GE Aerospace branding is seen at the Farnborough International Airshow, in Farnborough, Britain, July 22, 2024. REUTERS/Toby Melville

By Rajesh Kumar Singh and Shivansh Tiwary

(Reuters) -GE Aerospace raised its earnings forecast for this year on Tuesday, and said a stabilization in air traffic has brightened the company's outlook for next year.

The aerospace giant also reported a material improvement in jet engine deliveries and lifted the estimate for LEAP engine deliveries this year.

The Ohio-based company dominates the engine market for narrowbody jets and has a strong position in widebodies. More than 70% of its commercial engine revenue comes from parts and services.

RECOVERY IN AIR TRAFFIC

However, strong air travel demand as well as delays in production of new planes have forced airlines to keep flying older, less fuel-efficient jets and spend billions on maintenance.

That has benefited engine makers, which earn most of their profit from high-margin, long-term contracts for parts and maintenance.

GE Aerospace said air traffic has stabilized after the tumult in the first half of the year. It now expects aircraft departures, which drive aftermarket services business, to be up 3% to 4% in the second half of the year.

In an interview, CEO Larry Culp said he had meetings with dozens of airline chiefs from across the globe last week, who were all upbeat about the outlook for the current quarter as well as next year.

"We're going to be busy," he told Reuters.

GE Aerospace now expects adjusted profit per share in a range of $6.00 to $6.20 for 2025, compared with its prior expectation of $5.60 to $5.80.

Its shares were up about 2% at $307.61 in mid-day trade.

LEAP ENGINE DELIVERY FORECAST

Strong demand also creates a high-stakes conflict of interest between satisfying airframers, who need engines for new aircraft production, and airlines, who need timely maintenance and parts for their existing fleets.

Airbus , for example, has publicly complained about engine delays hampering its production. The European planemaker has a number of fully assembled aircraft parked on the ground waiting for their engines.

Culp said the company's efforts to fix supply chain problems are showing results, helping make progress in catching up on jet engine delays to Airbus in the third quarter.

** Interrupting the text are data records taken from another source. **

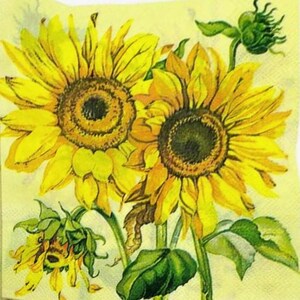M-4r Sunflowers Large Printed Paper Napkins, for Decoupage & DIY Crafts, 2-Ply dinner napkins, Table Decor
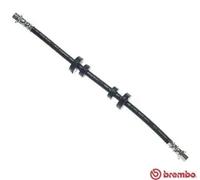 Flexible brake hose T 85 103 BREMBO for VW TRANSPORTER / CARAVELLE Mk IV Bus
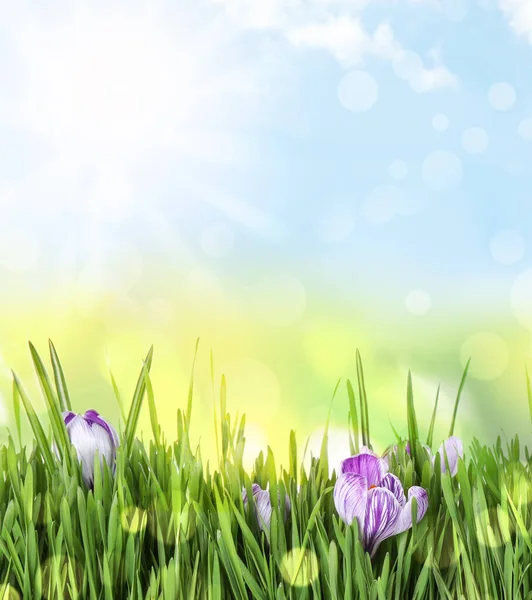 Fresh Green Grass Beautiful Crocus Flowers Sunny Day Spring Season — Stock Photo, Image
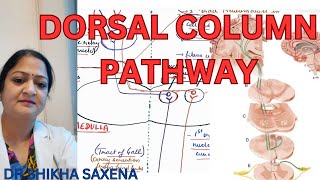 Dorsal column pathway medial lemniscus pathway Gall and Burdach pathway [upl. by Aznecniv]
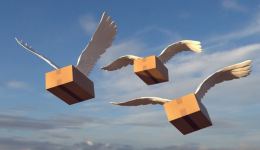 wish包装要求有哪些，wish物流规则是什么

He expressed confidence that CFM International, jointly owned by Safran and GE Aerospace, will be able to meet Airbus' engine delivery target for this year.

GE Aerospace now expects the deliveries of LEAP engines, which power narrowbody jets of Airbus and Boeing, to be up more than 20% year-on-year in 2025. That compares with its previous forecast of a 15% to 20% increase.

COST COMPLAINTS

Engine shortages as well as reliability issues have driven up the costs for airlines, leading to growing discord between suppliers and carriers across the industry. Several airlines are pushing back against engine makers on price increases.

Turkish Airlines has warned that it could switch a recently announced order for Boeing's 737 MAX jets to Airbus if talks with CFM failed to make progress. At the heart of the THY dispute is who should bear the most risk on the cost of long-term repairs, industry sources have said.

Culp likened the threat to negotiating "new deals in public." He said the company's pricing strategy reflects the value it provides to customers.

"I've never been in an industry, where price increases are necessarily welcomed and warmly embraced," Culp said.

GE Aerospace's adjusted profit for the quarter through September came in at $1.66, beating expectations of $1.45, according to data compiled by LSEG.